In 1917, just before the United States entered World War I, he enlisted in the U.S. Army, training at Camp Doniphan in Oklahoma. He returned to Missouri and was elected first lieutenant by the men of Missouri’s Second Field Artillery. Truman was commissioned a captain and on March 30, 1918, he sailed for France in command of Battery D, the “Dizzy D”, of the 129th Field Artillery, 35th Division, American Expeditionary Force, taming his unit. They distinguished themselves in the battles of Saint-Mihiel and Argonne, and Truman never lost a man. He discovered he had talents as a leader and gained the esteem and affection of his men. In April 1919, he returned home a major and a hero, and of June 28th he married Bess Wallace, his childhood sweetheart. The couple had one daughter, Mary Margaret Truman who was born in 1924. In the fall of 1919 he established a men’s clothing store in Kansas City with a partner, Eddie Jacobson, an army buddy from training camp. The Dizzy D veterans were big customers and the store did a booming business after the war. But when the postwar depression hit, farm prices fell sharply and the business failed, finally closing in 1922. Left with heavy debts, Truman refused to declare bankruptcy and eventually repaid his creditors.

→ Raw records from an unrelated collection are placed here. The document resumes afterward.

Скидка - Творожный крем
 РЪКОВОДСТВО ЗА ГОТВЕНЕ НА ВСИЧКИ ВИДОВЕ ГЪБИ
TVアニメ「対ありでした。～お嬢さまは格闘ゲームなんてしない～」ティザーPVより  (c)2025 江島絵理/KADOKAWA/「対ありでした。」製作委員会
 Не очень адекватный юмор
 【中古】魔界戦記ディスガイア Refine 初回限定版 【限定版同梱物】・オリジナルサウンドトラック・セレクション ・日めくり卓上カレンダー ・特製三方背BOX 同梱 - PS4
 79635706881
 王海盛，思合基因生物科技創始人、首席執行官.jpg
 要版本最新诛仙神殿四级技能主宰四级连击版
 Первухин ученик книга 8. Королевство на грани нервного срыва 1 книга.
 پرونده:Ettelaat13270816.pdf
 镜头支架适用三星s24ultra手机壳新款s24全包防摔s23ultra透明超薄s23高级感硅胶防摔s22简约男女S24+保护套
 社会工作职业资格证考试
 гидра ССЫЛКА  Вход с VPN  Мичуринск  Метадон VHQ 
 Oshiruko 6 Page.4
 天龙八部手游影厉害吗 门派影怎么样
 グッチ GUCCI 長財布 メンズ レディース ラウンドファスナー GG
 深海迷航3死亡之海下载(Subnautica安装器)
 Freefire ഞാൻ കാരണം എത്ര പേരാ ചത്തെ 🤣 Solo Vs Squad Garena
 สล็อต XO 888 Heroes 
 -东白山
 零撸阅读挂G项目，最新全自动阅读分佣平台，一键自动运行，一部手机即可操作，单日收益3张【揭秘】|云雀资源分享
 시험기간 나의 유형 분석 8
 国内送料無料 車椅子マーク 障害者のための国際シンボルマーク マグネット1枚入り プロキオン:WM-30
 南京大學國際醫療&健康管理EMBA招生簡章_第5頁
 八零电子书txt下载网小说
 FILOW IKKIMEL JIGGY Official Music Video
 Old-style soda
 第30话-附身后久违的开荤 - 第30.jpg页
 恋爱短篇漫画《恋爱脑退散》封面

Encouraged by Jim Pendergast, who was Mike’s son and also an army friend, Truman turned to politics. He entered a four-way Democratic primary for an eastern Jackson County judgeship and based on his war record and his Missouri background, he won the primary and the general election. He was sworn into his first public office in January 1923. He failed to win reelection in 1924 and spent the next two years selling automotive club memberships and entered into a banking venture. He was elected the presiding judge of the court two years later and reelected to that post in 1930. These positions were administrative rather than judicial and they enabled Truman to earn the respect of his constituents by being an honest official, firing any man who failed to do an honest job.



In 1929, Mike Pendergast had died and his two sons, Jim and Tom, replaced him as head of the Kansas City Democratic Political machine. By 1934, the Pendergast machine was a tool for gangsters promoting vice rings, bootlegging, bribes, gambling and murder. Truman was eager to move higher in politics, and when Tom Pendergast approached him in 1934 to run for the U.S. Senate, he accepted. Truman campaigned vigorously, capitalizing on the popularity of President Roosevelt and his own political record. Truman soundly defeated his Republican opponent, but not without help from the Pendergast machine.



Truman was sworn in as the junior senator from Missouri on January 3, 1935. He arrived in Washington facing the resentment of fellow Senators regarding his association with the Pendergast machine. The White House was already investigating the Pendergasts and Roosevelt felt Truman would probably be implicated. When the Pendergast investigation ended, it revealed widespread corruption and brutality but it failed to implicate Truman in a single act of wrongdoing. Pendergast was sent to prison for income tax evasion and Truman was criticized for his ties with the organization.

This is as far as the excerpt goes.